1

When comparing two proportions of two independant samples of size $n_A$ and $n_B$ (with random variables $X_A^i$ and $X_B^i$ following a Bernoulli law $B(p_A)$ and $B(p_B)$) using a test statistics, and dealing with the null hypothesis $H_0$ that $p_A=p_B$,

I could see in the litterature these two distinct formulas for the behaviour of the test statistic under $H_0$.

Some use :

  • $T=\frac{\bar{X}_A-\bar{X}_B}{\sqrt{p_A(1-p_A)/n_A + p_B(1-p_B)/n_B}}\rightarrow N(0,1)$

  • $T=\frac{\bar{X}_A-\bar{X}_B}{\sqrt{p(1-p)(1/n_A + 1/n_B)}}\rightarrow N(0,1)$, with $p=\frac{n_A\bar{X}_A+n_B\bar{X}_B}{n_A+n_B}$

  1. Is one of them correct ? Is one of them wrong ?

  2. Now, if we consider the second formula : $T=\frac{\bar{X}_A-\bar{X}_B}{\sqrt{p(1-p)(1/n_A + 1/n_B)}}\rightarrow N(0,1)$ :

In this context, is it true to state that "in the general case", $\bar{X}_A-\bar{X}_B\rightarrow N(p_A-p_B,p_A(1-p_A)/n_A + p_B(1-p_B)/n_B)$

(it looks incompatible to me with the formula of $T$ for the variance part, but maybe there is a trick ?)

Any comment ?

1 Answers1

1

Yes, at least two. As you indicate, the two main versions involve:

(a) Using the null hypothesis, thus assuming proportions are equal, and pooling all of the data in both groups to get a single standard error for the test statistic.

(b) Using two separate estimates of variance, one from each sample, to get the standard error.

One advantage of this method is that test results and confidence intervals agree. (That is, the CI for difference in proportions includes $0$ exactly when $H_0$ is not rejected.)

Other differences center on various methods of continuity correction. IMHO continuity correction almost always leads to too 'conservative' a test (too reluctant to reject $H_0,$ thus reduced power), unless sample sizes are very small (i.e, especially below 100). Also, various software implementations have slightly different rounding conventions. (In computing by hand, premature intermediate rounding can result in surprisingly large errors.)

Another similar method is a chi-squared test on a $2\times 2$ contingency table with rows Yes and No and columns Gp1 and Gp2.

I have found the procedure prop.test in R (which is roughly equivalent to a chi-squared test) to be a convenient and reliable method (using parameter cor=F to suppress continuity correction).

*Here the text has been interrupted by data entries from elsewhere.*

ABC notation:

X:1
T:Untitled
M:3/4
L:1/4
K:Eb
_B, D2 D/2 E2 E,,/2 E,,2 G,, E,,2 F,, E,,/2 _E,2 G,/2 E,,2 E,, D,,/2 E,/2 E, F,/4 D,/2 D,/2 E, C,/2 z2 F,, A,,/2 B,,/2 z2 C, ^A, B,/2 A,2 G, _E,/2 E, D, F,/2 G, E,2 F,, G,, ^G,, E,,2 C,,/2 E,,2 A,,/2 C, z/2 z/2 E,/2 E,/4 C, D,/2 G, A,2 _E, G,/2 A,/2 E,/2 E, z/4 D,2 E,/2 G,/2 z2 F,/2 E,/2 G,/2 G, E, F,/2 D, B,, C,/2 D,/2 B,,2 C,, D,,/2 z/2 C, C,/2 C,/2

If you are given the option to estimate variances separately (not to pool), do so. Also, if you are given the option to omit Yates correction, do so for samples of more than 100.

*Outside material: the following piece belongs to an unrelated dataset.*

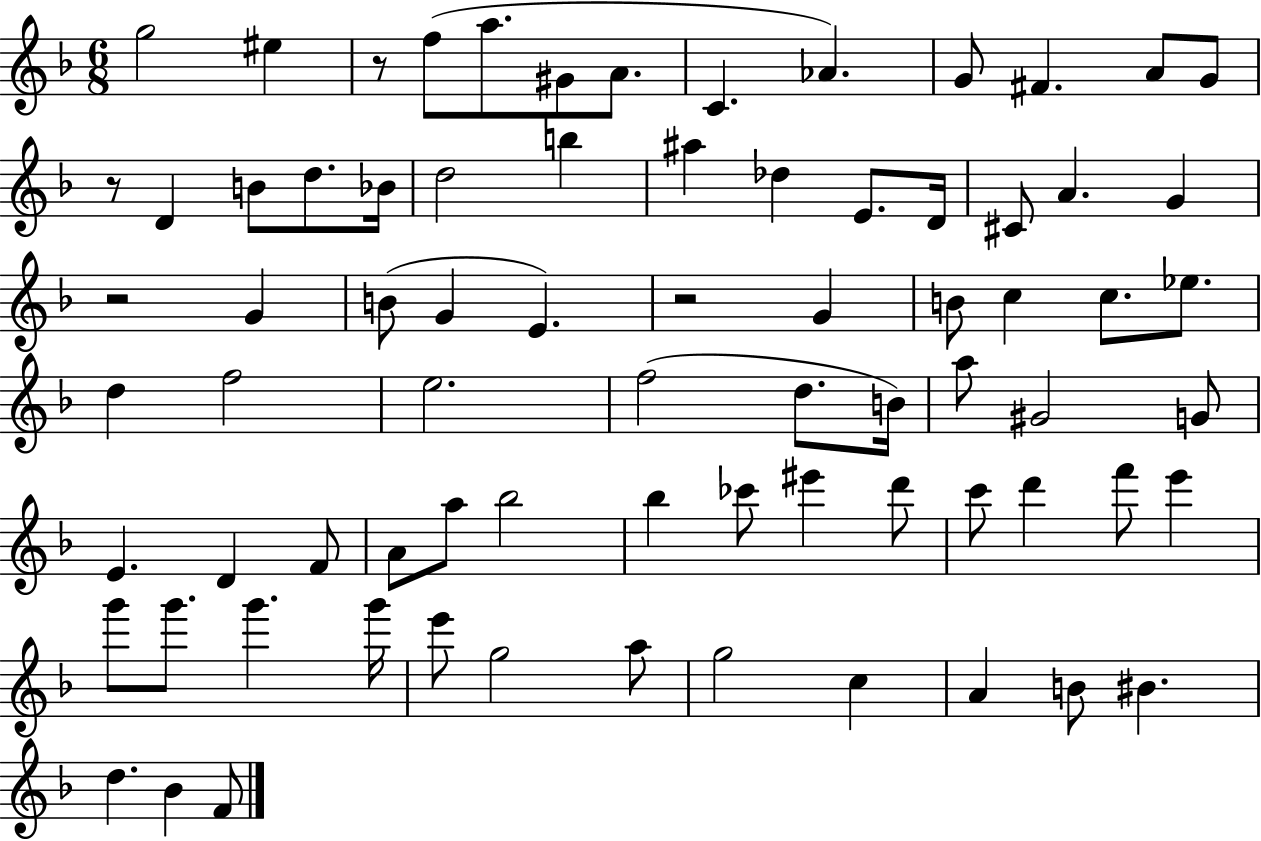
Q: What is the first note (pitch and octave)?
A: G5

As an example, suppose Gp 1 has 55 Successes in 150, and Gp 2 has 71 Successes in 200. Then 'prop.test' in R gives the following output.

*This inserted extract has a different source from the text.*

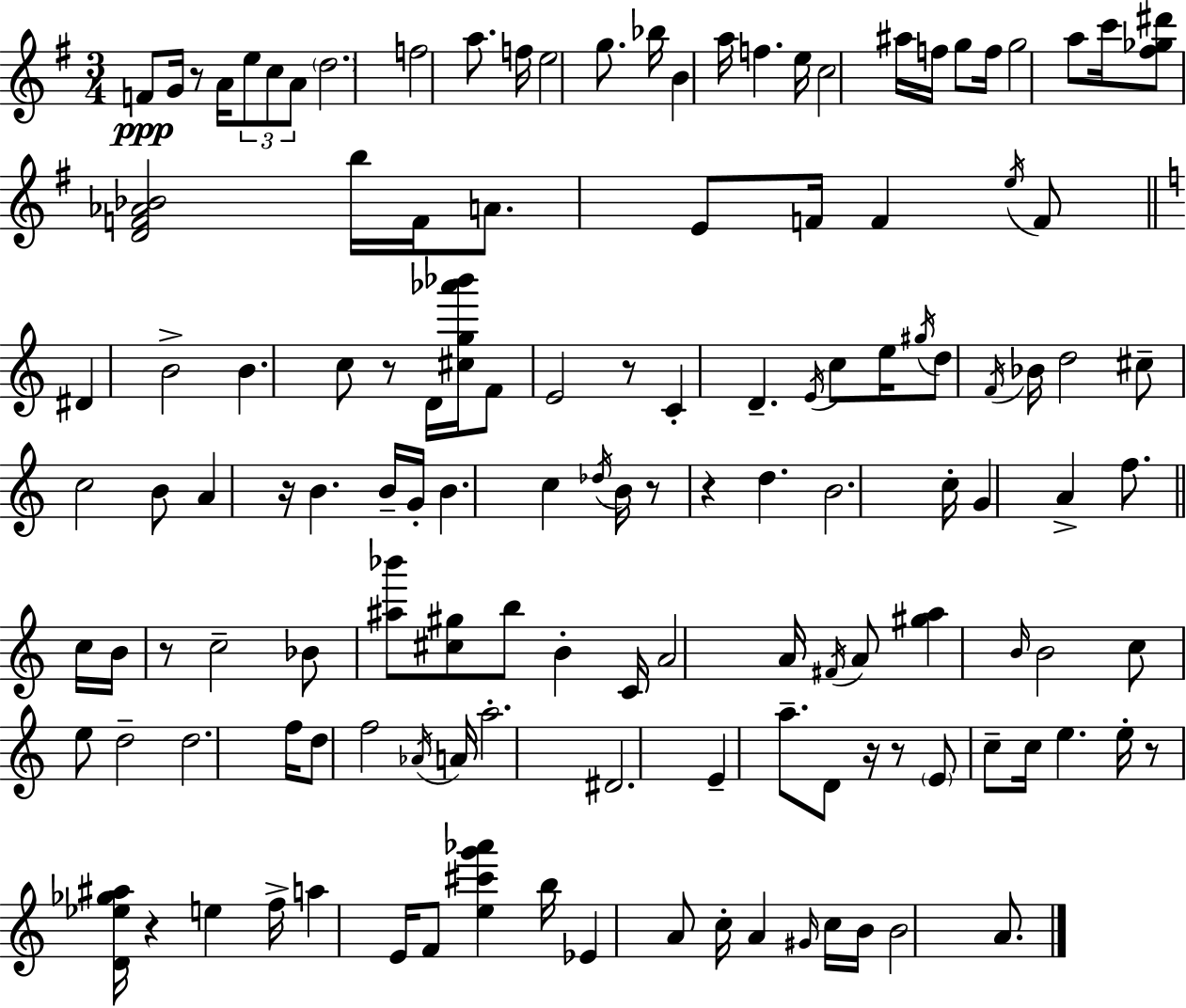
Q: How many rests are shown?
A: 11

prop.test(c(55,71), c(150,200), cor=F)
    2-sample test for equality of proportions 
    without continuity correction

data: c(55, 71) out of c(150, 200) X-squared = 0.050637, df = 1, p-value = 0.822 alternative hypothesis: two.sided 95 percent confidence interval: -0.09004438 0.11337772 sample estimates: prop 1 prop 2 0.3666667 0.3550000

The $2\times 2$ table for chisq.test in R, gives the following output.

succ = c(55, 71);  tot = c(150,200)
fail = tot - succ
TBL = rbind(succ, fail);  TAB
     [,1] [,2]
succ   55   71
fail   95  129

chisq.test(TBL, cor=F)

    Pearson's Chi-squared test

data: TBL X-squared = 0.050637, df = 1, p-value = 0.822

Notes:

  • The P-value is the same for both procedures is the same. The null hypothesis that the proportions are equal is not rejected at the 5% level

  • The CI in 'prop.test' includes $0.$

  • The prop.test permits one-sided tests (by use of parameters alt="gr" or alt="less"), while the chi-squared test is inherently two-sided.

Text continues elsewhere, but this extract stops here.